Socio-Religious Reform Movements of 19th Century in India

Socio-religious reform movements of 19th century fall into two broad categories - Reformist and Revivalist movements. The only difference between the movements lay in the degree to which it relied on tradition or on reason and conscience.

Socio-Religious Reform Movements of 19th Century in IndiaOn the basis of their activities many a time the reform movements are also termed as reactionary, revolutionary, conservative, radical etc. The intensity and magnitude of the movement also led to its being branded as communal, liberal etc. Most of the movements emphasized on both religious and social reforms since most of the social practices in India were based on religious injunctions and sanctions. Movements like the Brahmo Samaj, The Prarthana Samaj and the Aligarh Movement fall under reformist movement category whereas, Arya Samaj, the Ramakhrishna Mission and the Deoband movement falls under Revivalist movements category. Indian reformers well understood the close interrelation betweent eh different aspects of human activities.


Causes for Socio-Religious Reform Movements

The analysis of the background and existing facts relating to socio-religious reform movement of 19th century in India suggest the following to be the main causes for the movements:

  • Political Unification, legal unification under British administrative system resulted into creation of new middle class e.g. Zamindars, money-lenders, merchants etc. who were earliest to be exposed to modern enlightened ideas.

  • Emergence of enlightened middle class that benefited most from the western education produced early leaders of the socio-religious reform movement. Since middle class were widely part of the urban area the earliest manifestation of these movements were found in urban areas.

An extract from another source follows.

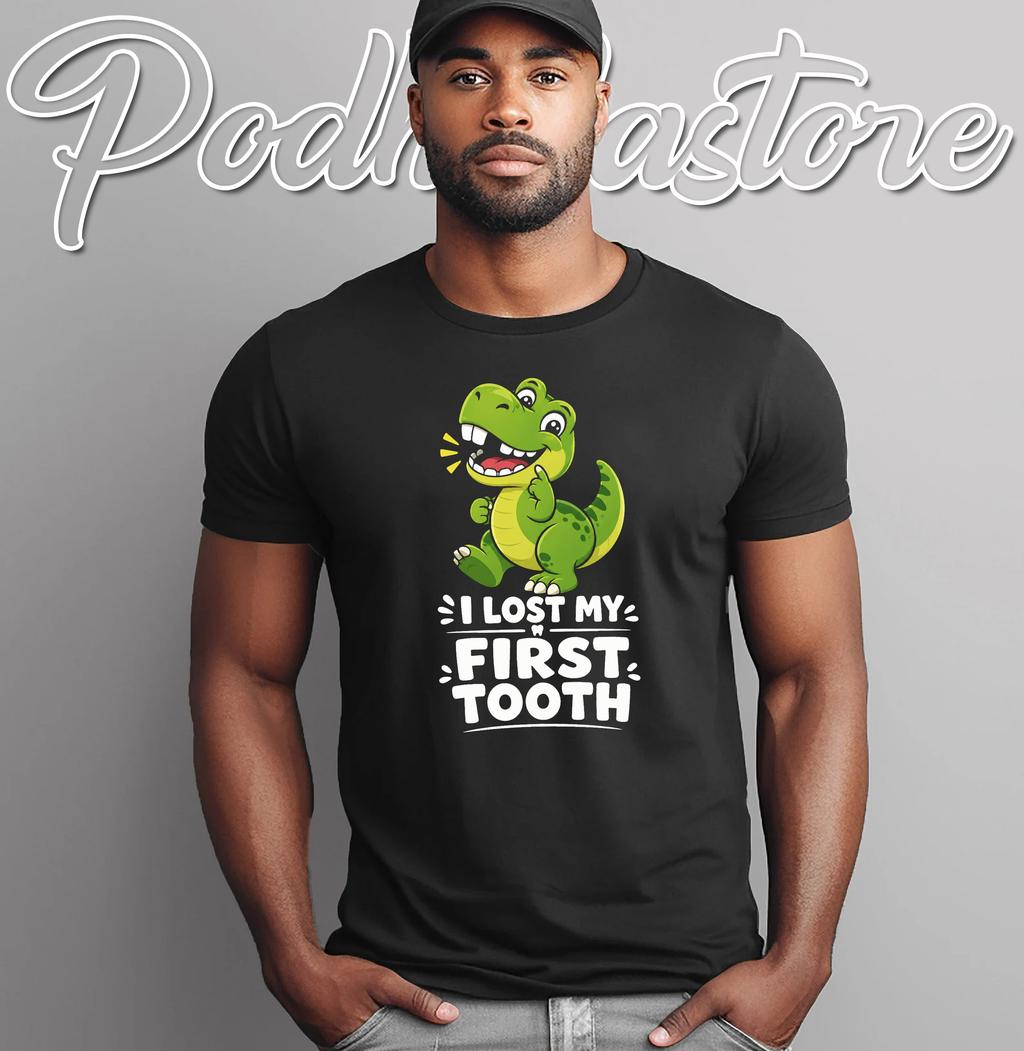 Lost First Tooth Dinosaur T-Shirt Funny Kids Milestone Graphic Apparel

  • Role of modern western education - Introduction of western education resulted in growth of intelligentsia and acted as fuel for liberalism, rationalism etc.

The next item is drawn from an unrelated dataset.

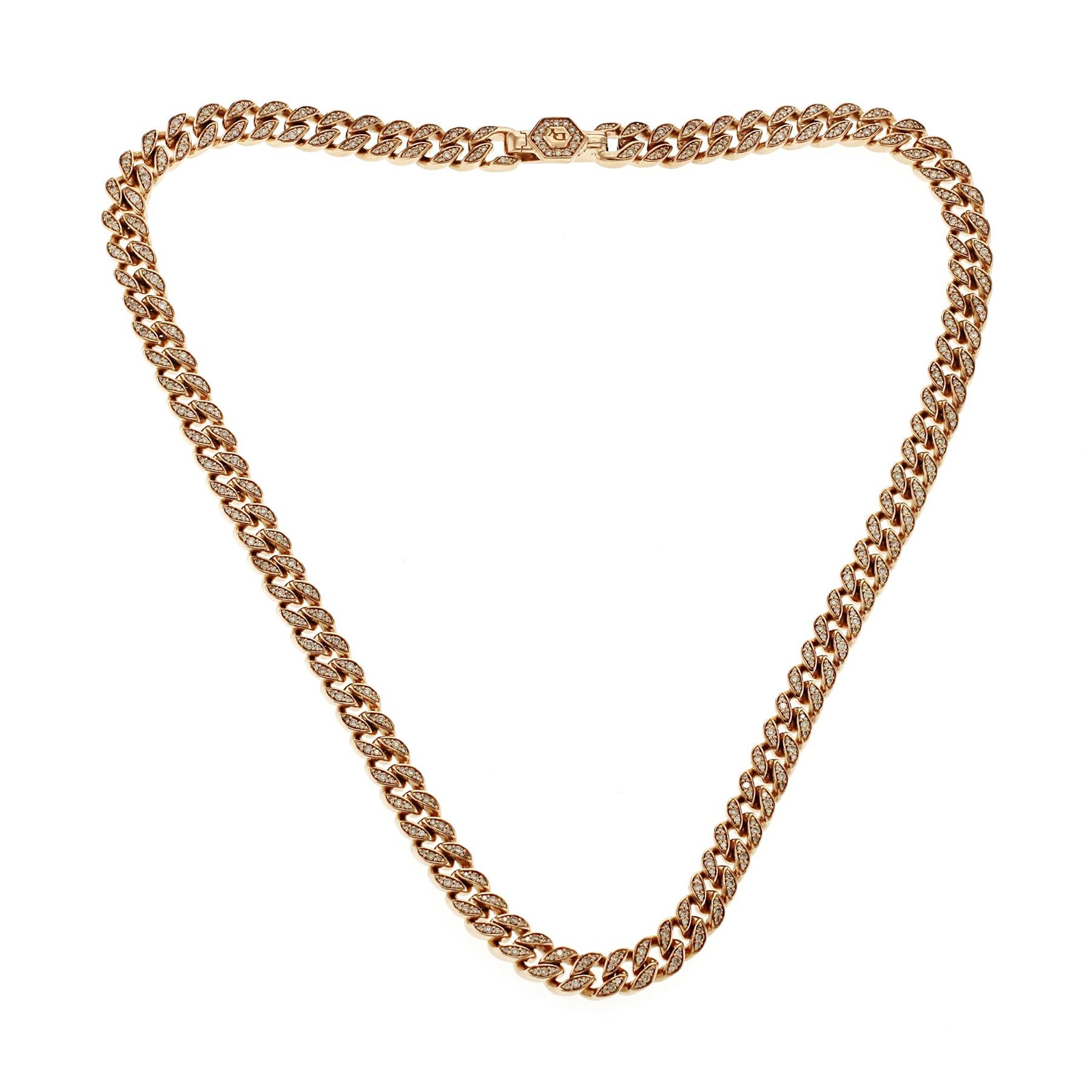 David Yurman Or Rose 18K Diamond Cuban Chain 7mm Necklace Size 17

  • Growth of press and its role - Press acted as a medium of communication and was used as instrument for building opinion e.g. from Raja Ram Mohan Roy to Gandhi all used press to build opinion. Ram Mohan Roy brought out journals in Bengali, Persian and Hindi to spread scientific temperament among the people. In Maharashtra, a similar role was played by Gopoal Hari Deshmukh, popularly known as Lokhitavadi. Hundreds of Indian language newspapers and journals made their appearance during the 19th century. They were started  not as profit-making business enterprises, but as labor of love and social commitment with a view to disseminate nationalist and reformist ideas among the people.

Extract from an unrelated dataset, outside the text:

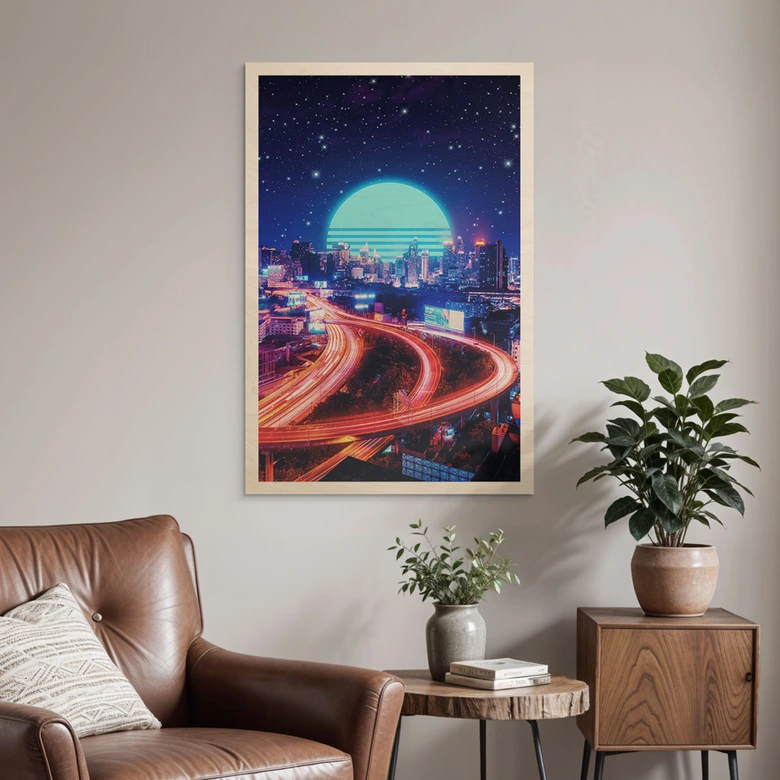 Houten Poster Cyberstad Bangkok - Takkar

There is hardly a major modern Indian political or social figure that did not edit or write for the popular Indian language press. The Amrit bazar patrika, Som Prakash, and Sanjivani in Bengali; Rast Gofter and Gujarat Samachar in Tamil; Andhra Prakasika, Andhra Patrika in Telugu; Matrubhoomi in Malayalam; the Hindi Pradeep, Elindustani, Aj and Pratap in Hindi; Azad, Akbar-i-Am and Koh-i-Noor in Urdu; and Utkal Dipika in Oriya, were some of the major newspapers of the time.

Role of the Indological research by scholars like Sir William Jones, Max Muller, James Princep, R.G. Bhandarkar supplied Indians with sufficient information related to formidable cultural achievements of India. This led to cultural revival of India.